# we need some knowledgeable wheel tech



## racin-type (Aug 13, 2003)

need some help with wheels for the 240. what is offset measure in? mm? cm? how far can the wheel be pushed out before rubbing on the fender or rolling it? what is a good size whith( sorry brain lapse can't remember how to spell)

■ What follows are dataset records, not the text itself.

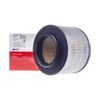 Фото Фильтр воздушный Double Force ( бочка ) Double Force DFA1024 Double Force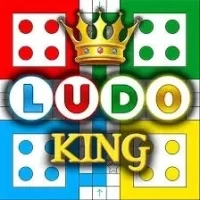ludo king online icon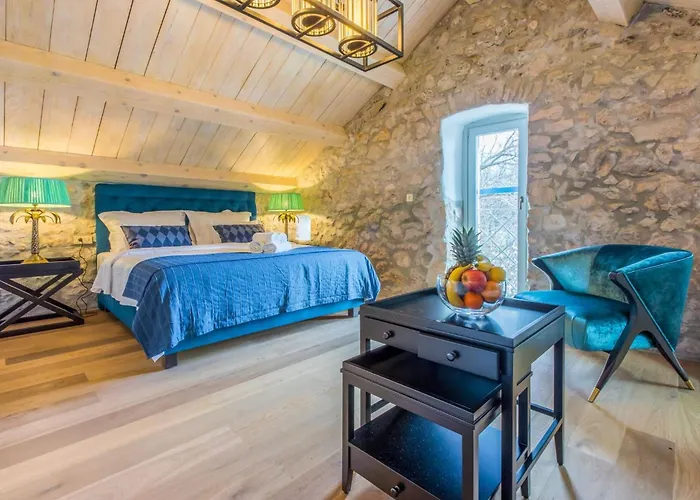 Jelena * Novi Vinodolski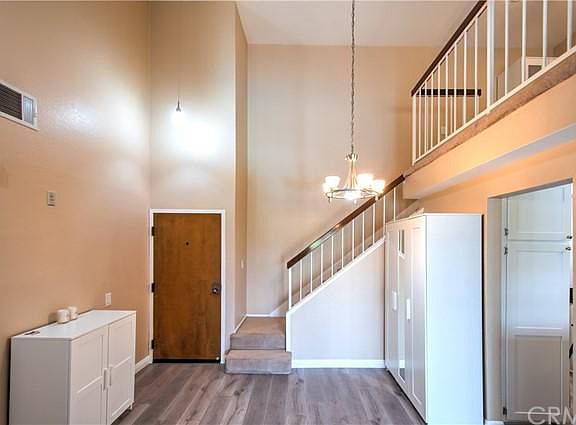 3rd image of 2315 Apricot Dr #2315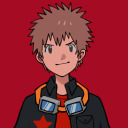 sozo-ryokuartist avatar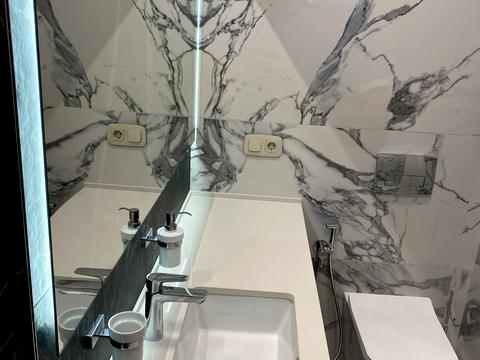 квартира за адресою Михайла Бойчука вул. (Кіквідзе), 19-А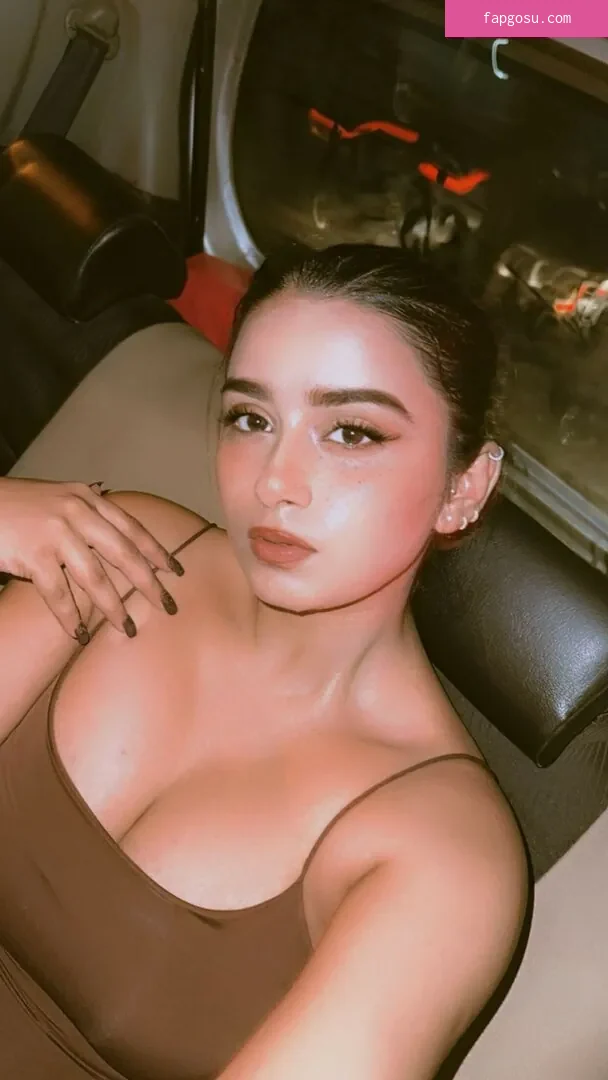 Suhana Khan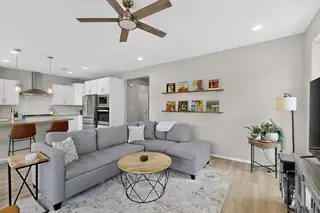 6078 Hardin Drive SE 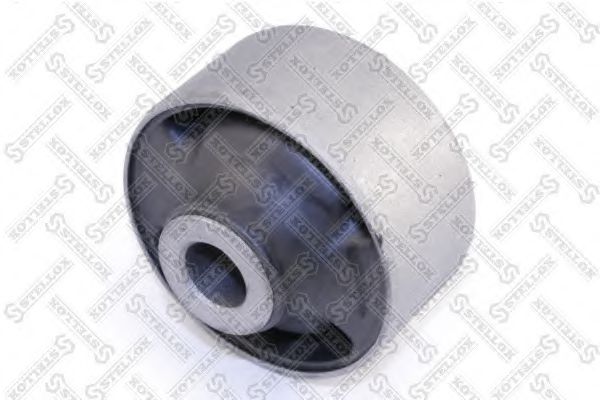 Сайлентблок рычага STELLOX 87-51024-SX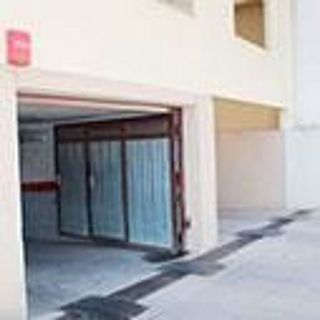 Garaje en venta en Guadix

whats peoples wheel setups here?

anyone got kosei k-1 wheels?


----------



## vsp3c (May 15, 2003)

racin-type said:


> *what is offset measure in? mm? cm?*


offsets are measured in mm..since 10mm = 1cm, it's basically the same..i never heard of it being measured in cm


> *how far can the wheel be pushed out before rubbing on the fender or rolling it?*


that depends on the width/offset of the wheel.. i would recommend 17/18x7.5 with +22 offset for the front and 17/18x8.5 with +40 offset. if u want bigger wheels or a bigger offset, get spacers


> *what is a good size whith( sorry brain lapse can't remember how to spell)*


7.5 in the front, 8.5 in the back


----------



## Joel (Jun 11, 2003)

Stock offsets are 38. Ive seen a 40 offset on a 9 inch 17 on the rear and 30 on a 8 inch 17 on front.
Also depends on what series you have. s14 have stupidly large wheel tubs and can fit massive wheel and tyre combinations. S13 is a little harder.


----------



## racin-type (Aug 13, 2003)

so a stock 240 wheel is 15x6 +38 offset?? how come i see alot of lower offset in the front than in the back? shouldn't they get pushed out equally or is there just more room in the front fenders?


----------



## Joel (Jun 11, 2003)

the front fenders are bigger but the front wheels turn 
yes all 4 stock rims have the same offset. When you start having different sized rims and tyre widths on front to back then you need to change offsets.


----------